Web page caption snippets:
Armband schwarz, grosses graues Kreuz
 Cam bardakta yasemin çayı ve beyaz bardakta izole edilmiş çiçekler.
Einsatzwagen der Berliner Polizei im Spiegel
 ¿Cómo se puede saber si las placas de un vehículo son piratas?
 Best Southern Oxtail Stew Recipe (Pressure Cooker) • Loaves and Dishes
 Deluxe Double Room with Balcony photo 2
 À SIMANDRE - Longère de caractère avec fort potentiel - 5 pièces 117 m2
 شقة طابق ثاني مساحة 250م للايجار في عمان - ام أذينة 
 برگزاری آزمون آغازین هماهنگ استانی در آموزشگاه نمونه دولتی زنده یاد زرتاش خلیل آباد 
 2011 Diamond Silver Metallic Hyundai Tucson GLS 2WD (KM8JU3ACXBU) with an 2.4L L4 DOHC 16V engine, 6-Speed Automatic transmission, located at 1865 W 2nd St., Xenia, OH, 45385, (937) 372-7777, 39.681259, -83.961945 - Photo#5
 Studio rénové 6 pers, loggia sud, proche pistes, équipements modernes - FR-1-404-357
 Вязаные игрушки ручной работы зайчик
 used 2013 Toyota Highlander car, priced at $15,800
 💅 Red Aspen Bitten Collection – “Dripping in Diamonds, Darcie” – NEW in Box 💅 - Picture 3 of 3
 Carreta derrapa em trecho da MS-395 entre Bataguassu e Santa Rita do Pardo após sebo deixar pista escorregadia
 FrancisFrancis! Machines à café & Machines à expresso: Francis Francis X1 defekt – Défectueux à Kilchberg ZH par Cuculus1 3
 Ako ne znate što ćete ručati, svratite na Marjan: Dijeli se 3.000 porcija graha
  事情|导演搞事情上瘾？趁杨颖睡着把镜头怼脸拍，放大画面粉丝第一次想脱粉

- _Work to be completed_:
Please give an exact copy of every entry.

- _Solution to the exercise_:
Armband schwarz, grosses graues Kreuz
 Cam bardakta yasemin çayı ve beyaz bardakta izole edilmiş çiçekler.
Einsatzwagen der Berliner Polizei im Spiegel
 ¿Cómo se puede saber si las placas de un vehículo son piratas?
 Best Southern Oxtail Stew Recipe (Pressure Cooker) • Loaves and Dishes
 Deluxe Double Room with Balcony photo 2
 À SIMANDRE - Longère de caractère avec fort potentiel - 5 pièces 117 m2
 شقة طابق ثاني مساحة 250م للايجار في عمان - ام أذينة 
 برگزاری آزمون آغازین هماهنگ استانی در آموزشگاه نمونه دولتی زنده یاد زرتاش خلیل آباد 
 2011 Diamond Silver Metallic Hyundai Tucson GLS 2WD (KM8JU3ACXBU) with an 2.4L L4 DOHC 16V engine, 6-Speed Automatic transmission, located at 1865 W 2nd St., Xenia, OH, 45385, (937) 372-7777, 39.681259, -83.961945 - Photo#5
 Studio rénové 6 pers, loggia sud, proche pistes, équipements modernes - FR-1-404-357
 Вязаные игрушки ручной работы зайчик
 used 2013 Toyota Highlander car, priced at $15,800
 💅 Red Aspen Bitten Collection – “Dripping in Diamonds, Darcie” – NEW in Box 💅 - Picture 3 of 3
 Carreta derrapa em trecho da MS-395 entre Bataguassu e Santa Rita do Pardo após sebo deixar pista escorregadia
 FrancisFrancis! Machines à café & Machines à expresso: Francis Francis X1 defekt – Défectueux à Kilchberg ZH par Cuculus1 3
 Ako ne znate što ćete ručati, svratite na Marjan: Dijeli se 3.000 porcija graha
  事情|导演搞事情上瘾？趁杨颖睡着把镜头怼脸拍，放大画面粉丝第一次想脱粉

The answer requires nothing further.